§ REQUIRED ACTION
All that is wanted is the span of lines from the one with "Massage beds with" to the last line of the data, copied exactly.
Start of SOURCE MATERIAL
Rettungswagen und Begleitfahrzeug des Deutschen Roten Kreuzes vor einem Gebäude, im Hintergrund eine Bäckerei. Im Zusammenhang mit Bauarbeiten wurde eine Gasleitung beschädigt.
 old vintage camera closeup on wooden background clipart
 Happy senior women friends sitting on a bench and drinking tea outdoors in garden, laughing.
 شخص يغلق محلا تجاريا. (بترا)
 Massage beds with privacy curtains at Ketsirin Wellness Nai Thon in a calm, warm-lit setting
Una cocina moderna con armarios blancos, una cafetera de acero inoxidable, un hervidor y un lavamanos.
End of SOURCE MATERIAL
§ ANSWER TO THE PROBLEM
 Massage beds with privacy curtains at Ketsirin Wellness Nai Thon in a calm, warm-lit setting
Una cocina moderna con armarios blancos, una cafetera de acero inoxidable, un hervidor y un lavamanos.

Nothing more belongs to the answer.